Finito il liceo, David frequentò il Central Bible College di Springfield in Missouri, per nove mesi. Quando rientrava a casa per i fine-settimana o per le vacanze, occupava i pulpiti vacanti delle comunità vicine oppure si dava da fare in diverse maniere per guadagnarsi qualche soldo. Non era capace di trasformarsi nel più galante dei cavalieri: questo proprio no.
Senza dubbio le punzecchiature di mio padre e il suo aperto incoraggiamento a guardarmi intorno alla ricerca di altre prospettive mi spinsero ad accettare il solo altro appuntamento del quale mi ricordi. Era estate e David era appena tornato dalla scuola di teologia. Il suo rivale era un giovane dabbene, premuroso e benestante, il cui unico ovvio inconveniente consisteva nel non essere David. Tuttavia egli ebbe, senza saperlo, una virtù: quella di rendere Mr. Wilkerson improvvisamente attento. Ero giunta alla conclusione che David desse il nostro rapporto un po’ troppo per scontato. La sera dell’appuntamento con quel nuovo cavaliere vidi il vecchio macinino verde di David fare un’infinità di giri intorno al nostro isolato. Per la verità non è che fossi gran che soddisfatta della serata, ma mi ero perfidamente divertita a osservare la stizza di David.
Il Natale dopo, David e io ci fidanzammo ufficialmente. David, con quello che aveva guadagnato presso i magazzini Hawkins e come venditore di automobili usate, aveva racimolato abbastanza denaro per comprarmi un piccolo diamante solitario come strenna natalizia. Il mio sogno, iniziato quasi otto anni prima, si stava attuando. Sarei diventata la moglie di David. Decidemmo di sposarci in giugno.

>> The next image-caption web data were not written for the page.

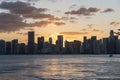 Sunset, evening panorama over Miami skyline. Royalty Free Stock Photo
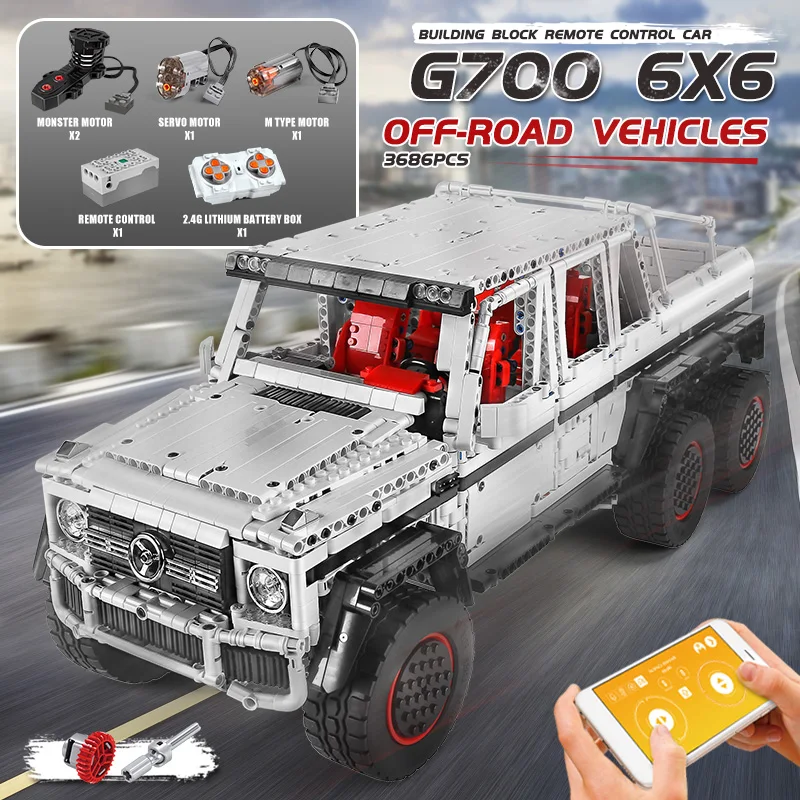 

MOC Series APP Control Motor Electric RC G63 6x6 Pickup Trucks Building Blocks Assembly 3686Pcs Bricks Kid Toys Boy Gift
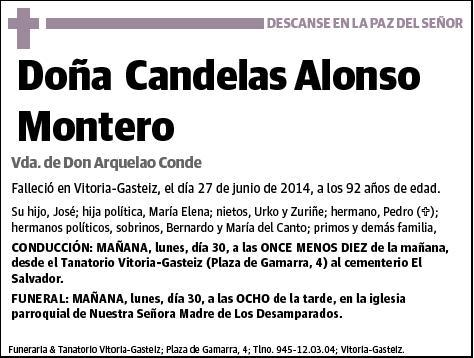 ALONSO MONTERO,CANDELAS
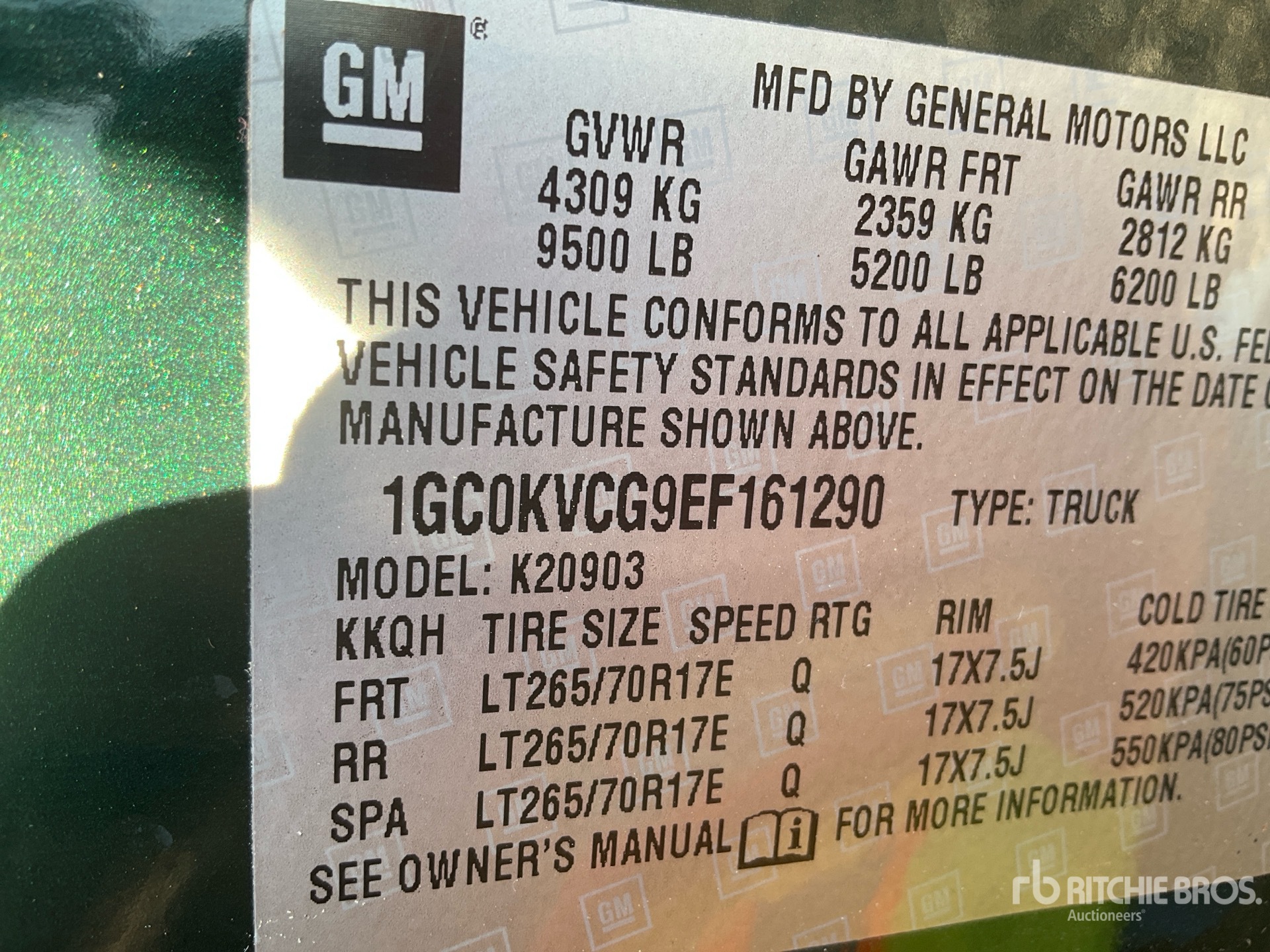 General Appearance with N.º de serie/VIN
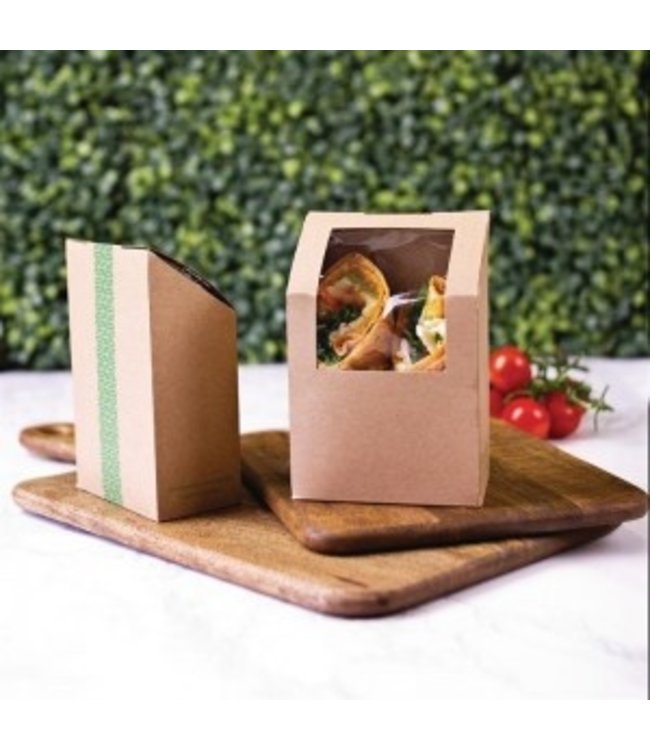 Wrap/Tortilladoos karton/PLA met venster 70 x 78 x  130 mm - Vegware | prijs & verp per 500 stuks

Dopo aver terminato gli studi, io avevo cominciato a lavorare in fabbrica nella vicina Wilkinsburg; risparmiavo ogni centesimo per l’abito da sposa. David metteva da parte il denaro che racimolava con le sue predicazioni durante i fine-settimana e le vacanze e con i lavori part-time che riusciva a fare. Naturalmente non ci rimaneva molto tempo da passare insieme, perciò io incominciai ad accompagnare David alle funzioni della domenica per stargli vicina almeno durante i viaggi di andata e ritorno dalla città dove egli predicava. Si può dire che, prima del matrimonio, i soli momenti d’intimità siano stati quelli dei nostri viaggi domenicali.
Adesso mi chiedo se mi fosse mai passato per la mente che avrei dovuto imparare un mucchio di cose in vista del matrimonio. David e io eravamo praticamente cresciuti insieme e ci eravamo decisi a sposarci ancora liceali, ma i nostri appuntamenti avevano quasi sempre avuto luogo alla presenza di altre persone. Quantunque sapessi che David era un uomo tenero e affettuoso, durante il nostro fidanzamento non si era mai presentata l’occasione di andare oltre al tenersi per mano. Da mia madre avevo imparato molte cose importanti, tranne però l’educazione sessuale. Ero quindi una giovane donna ingenua e per niente informata, pur essendo nella seconda metà del ventesimo secolo. David ne sapeva solo poco di più. Eravamo innamorati, ma mantenemmo un rapporto rispettoso fino al giorno del nostro matrimonio.
Inoltre mi chiedo se avessi la pur minima idea di quanto avrei dovuto crescere nel futuro. La vita con un predicatore di campagna doveva sembrare sicura e senza imprevisti. Come potevo immaginarmi la chiamata che quest’uomo avrebbe ricevuto? Come potevo supporre fino a che punto sarei stata costretta ad assumere nuovi ruoli e a intravvedere nuove vie spirituali? Sapevo solo che stavo per sposare un pastore e che il mio compito consisteva nel condividere la vita di David.